======== EXTRACTED MATERIAL

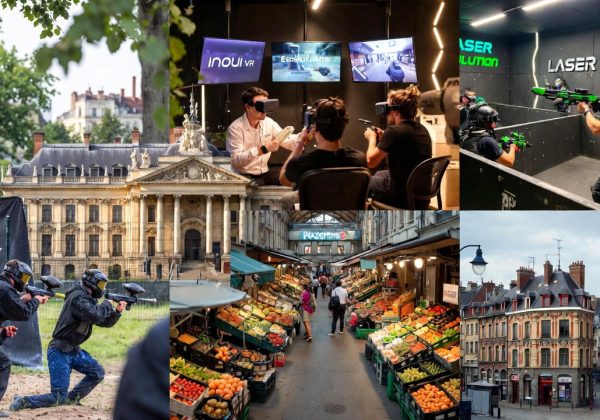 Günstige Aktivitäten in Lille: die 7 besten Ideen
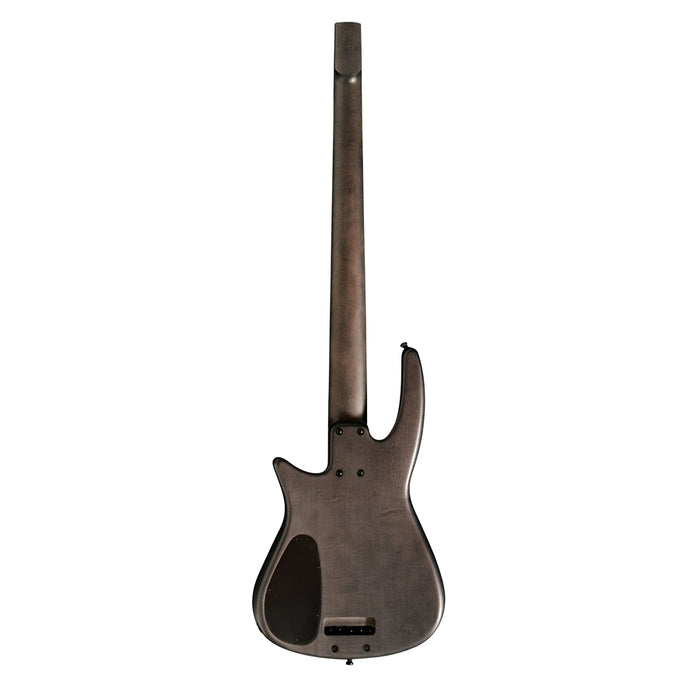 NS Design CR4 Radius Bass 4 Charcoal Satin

================
======== EXTRACTED MATERIAL

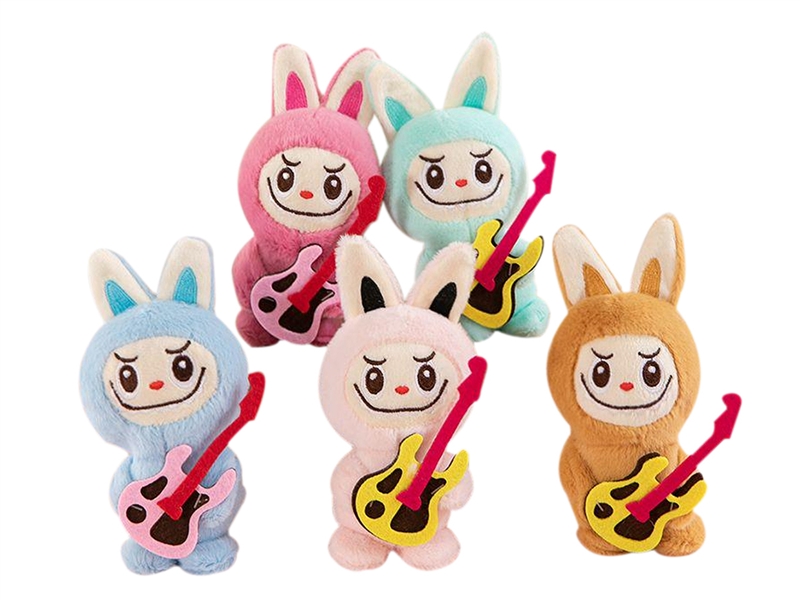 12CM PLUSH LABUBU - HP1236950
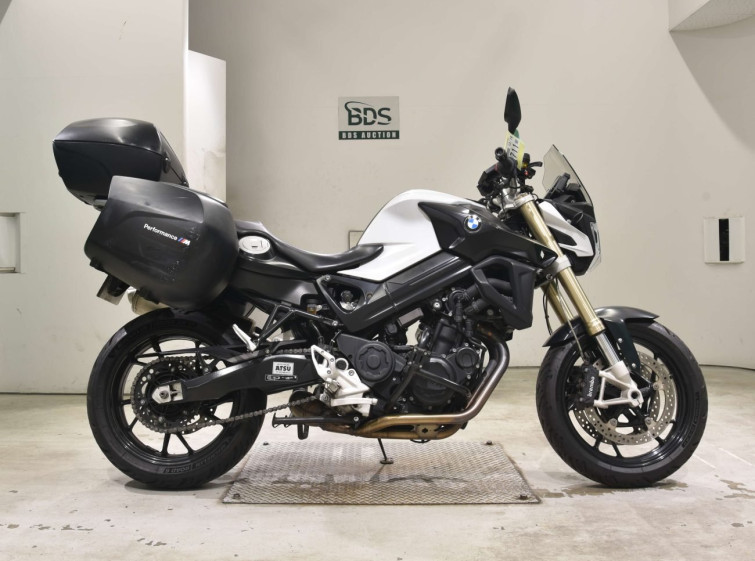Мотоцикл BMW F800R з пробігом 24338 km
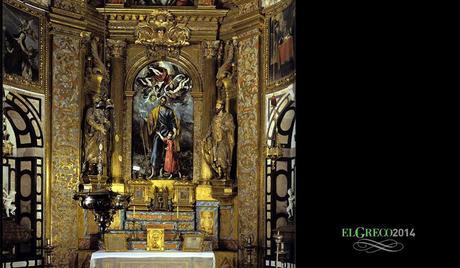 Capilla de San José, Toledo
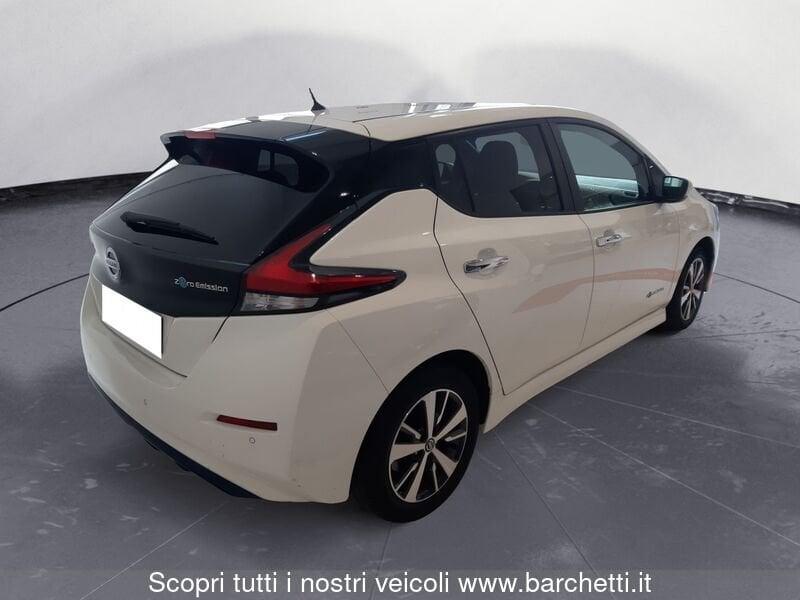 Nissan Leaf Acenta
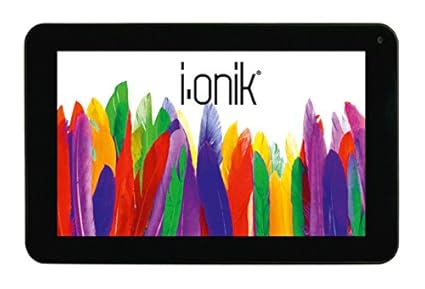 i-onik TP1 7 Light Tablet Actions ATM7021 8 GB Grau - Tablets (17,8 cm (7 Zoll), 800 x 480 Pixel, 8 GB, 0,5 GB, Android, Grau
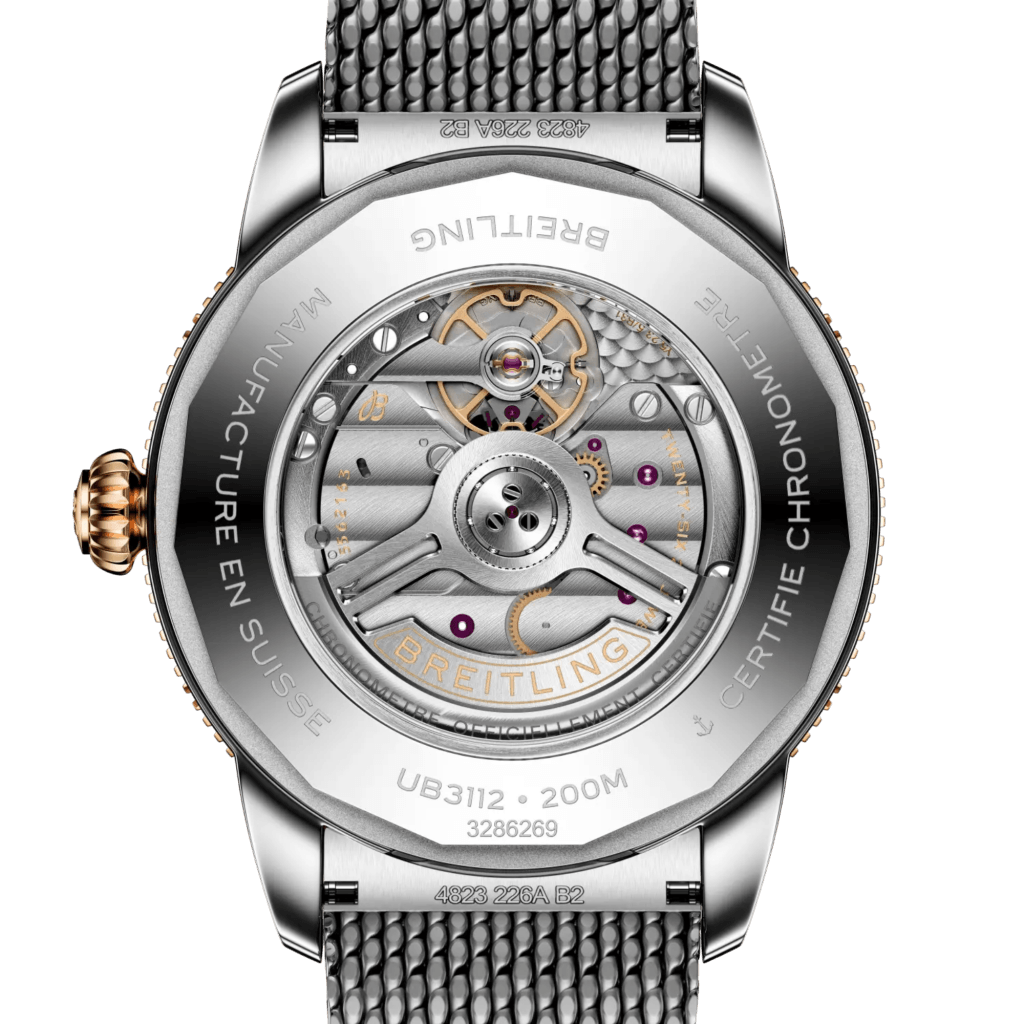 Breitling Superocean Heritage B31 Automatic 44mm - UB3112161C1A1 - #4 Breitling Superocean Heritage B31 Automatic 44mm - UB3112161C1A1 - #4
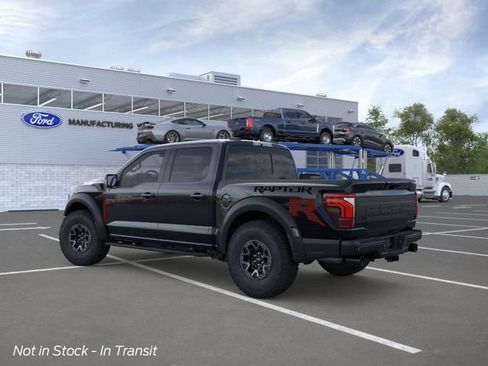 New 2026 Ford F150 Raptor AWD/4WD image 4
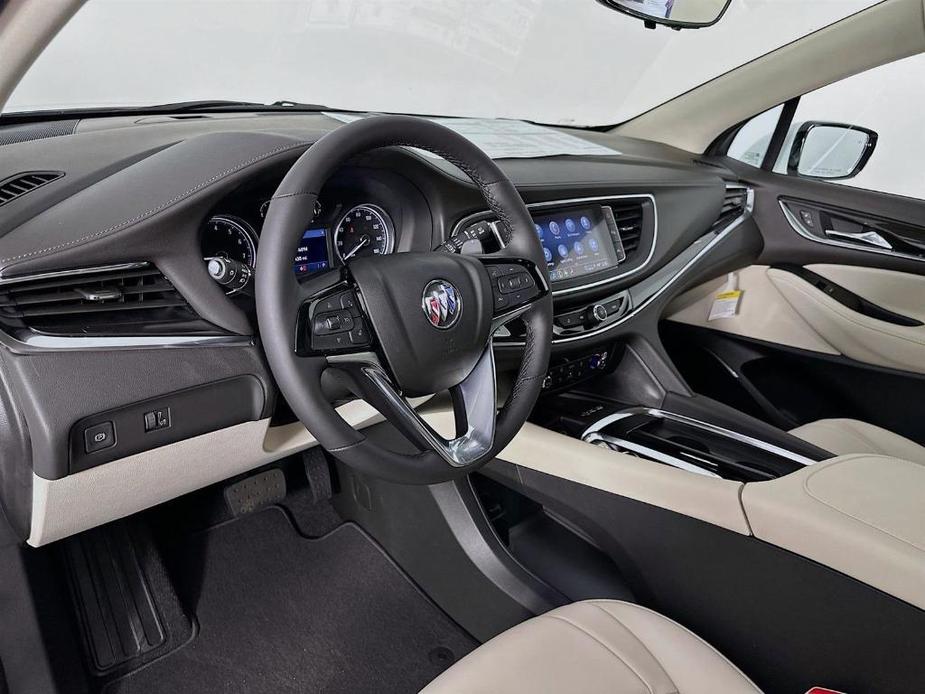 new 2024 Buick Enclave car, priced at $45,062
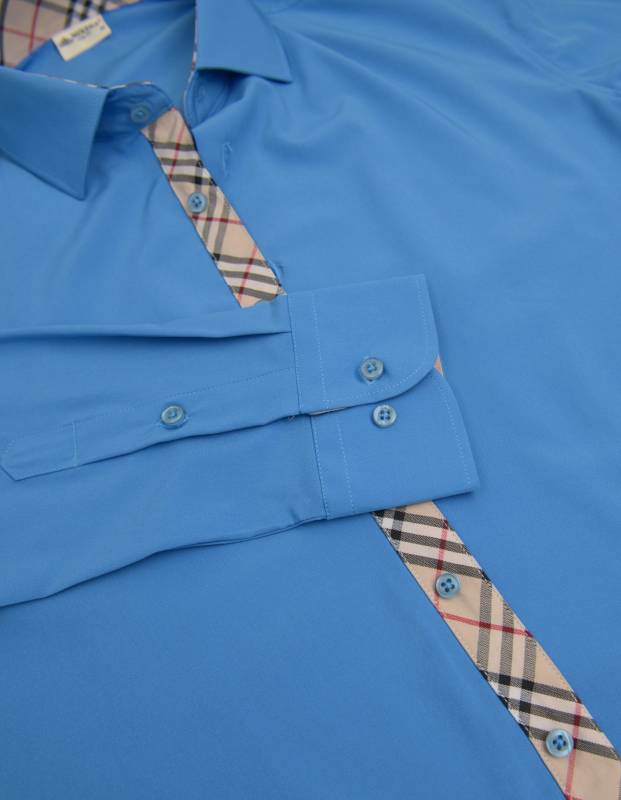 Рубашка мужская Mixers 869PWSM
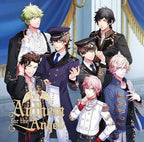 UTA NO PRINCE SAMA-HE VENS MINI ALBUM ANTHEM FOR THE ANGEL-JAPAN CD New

================

• ABOUT THIS EXERCISE
Using the records above, print exactly the run of lines that starts with the line with "New 2026 Ford F150 Raptor AWD/4WD image 4" and goes on through the line with "UTA NO PRINCE", pictures excluded.

• THE COMPLETED TASK
 New 2026 Ford F150 Raptor AWD/4WD image 4
 new 2024 Buick Enclave car, priced at $45,062
 Рубашка мужская Mixers 869PWSM
 UTA NO PRINCE SAMA-HE VENS MINI ALBUM ANTHEM FOR THE ANGEL-JAPAN CD New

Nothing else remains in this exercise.